▶ _About this task_
Begin at the line holding "Maison à vendre, 157m², Wattrelos" and set down exactly each line through the last one below, omitting pictures. Include nothing else.

▶ _Recorded information_
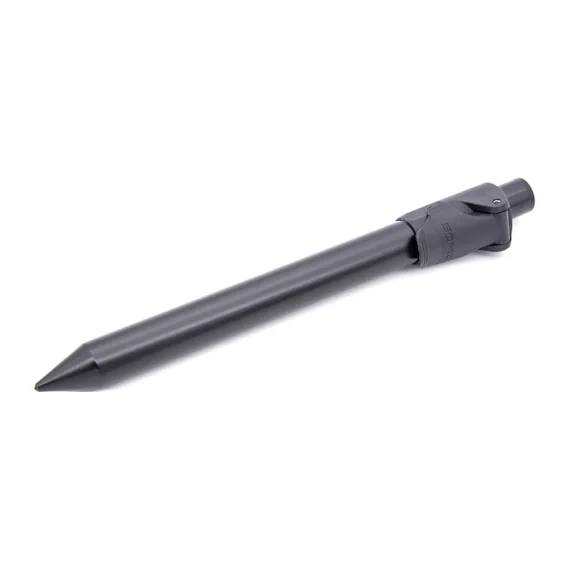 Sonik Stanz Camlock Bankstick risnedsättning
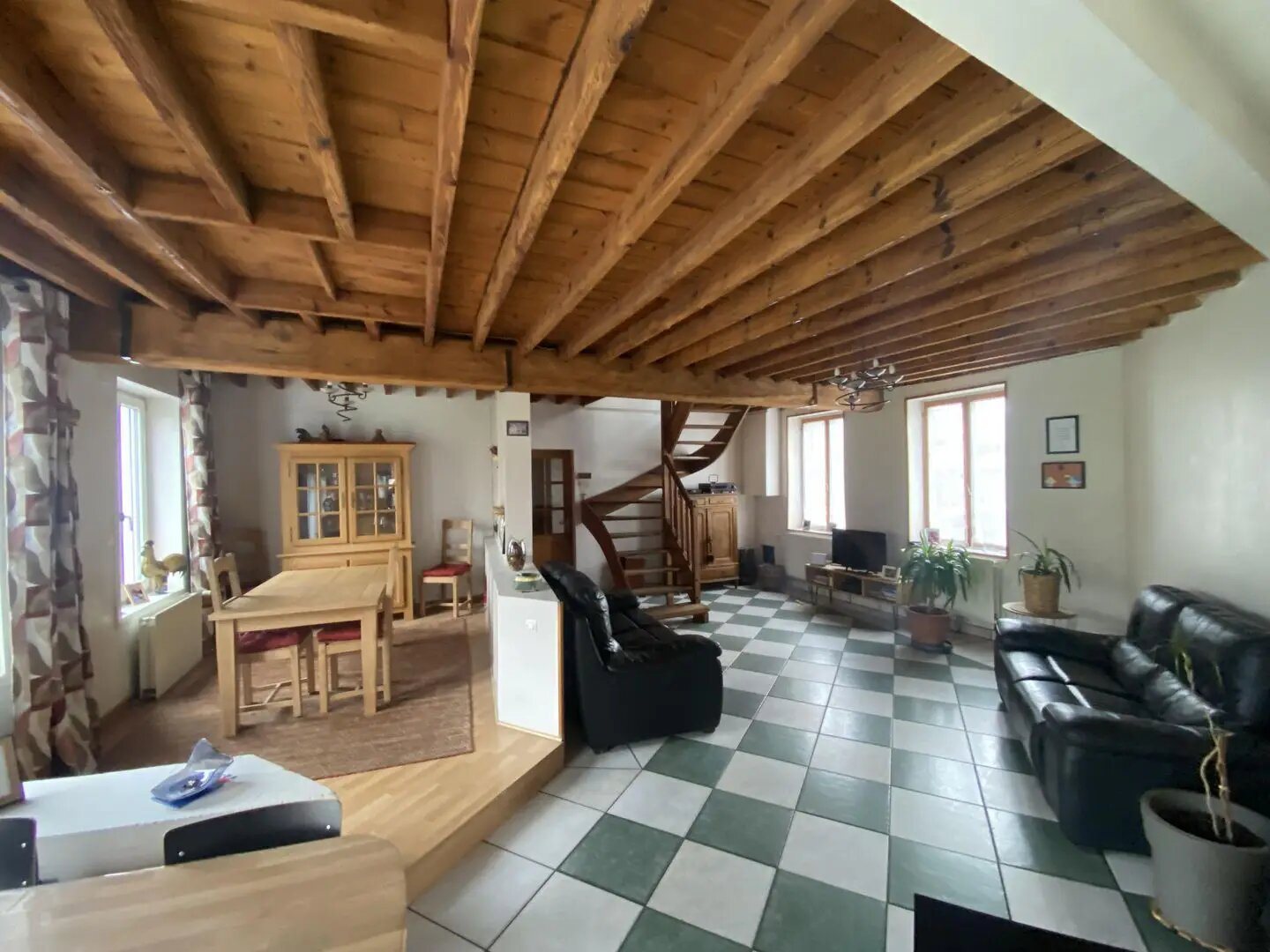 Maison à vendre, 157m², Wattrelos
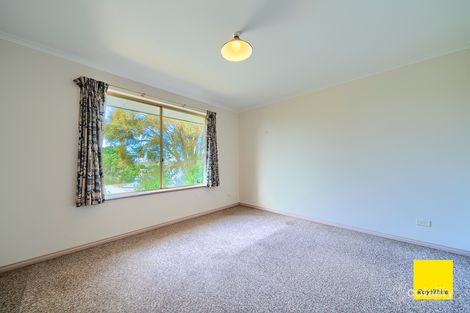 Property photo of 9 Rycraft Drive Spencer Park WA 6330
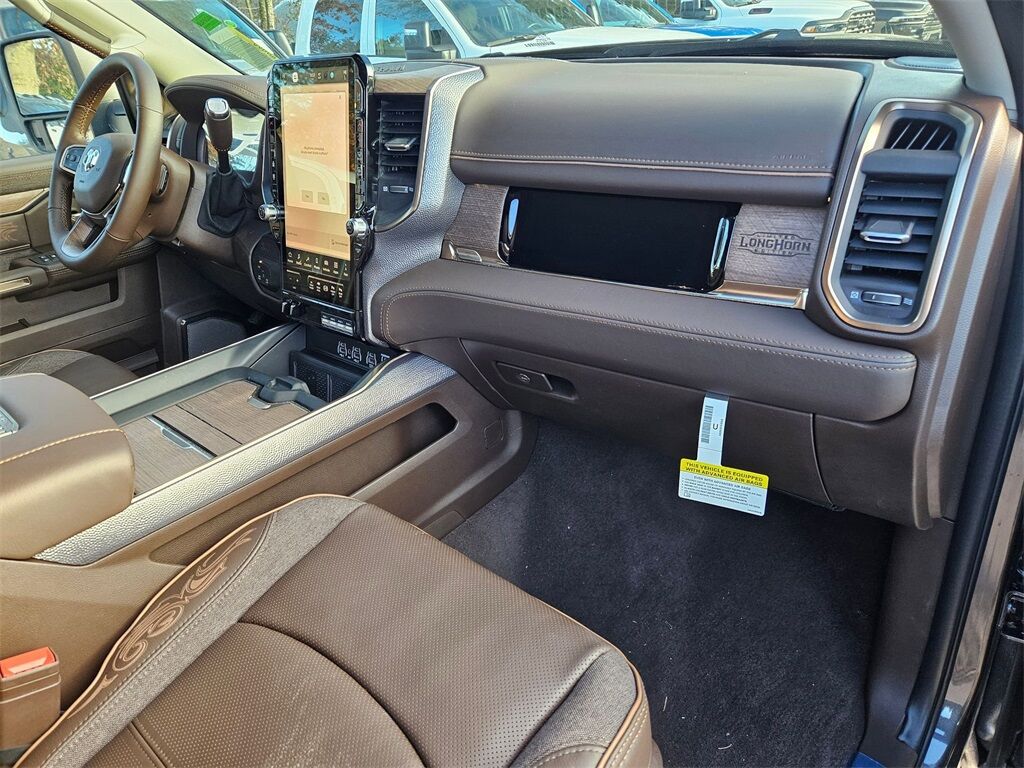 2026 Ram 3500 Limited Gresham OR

▶ _Result of this exercise_
 Maison à vendre, 157m², Wattrelos
 Property photo of 9 Rycraft Drive Spencer Park WA 6330
 2026 Ram 3500 Limited Gresham OR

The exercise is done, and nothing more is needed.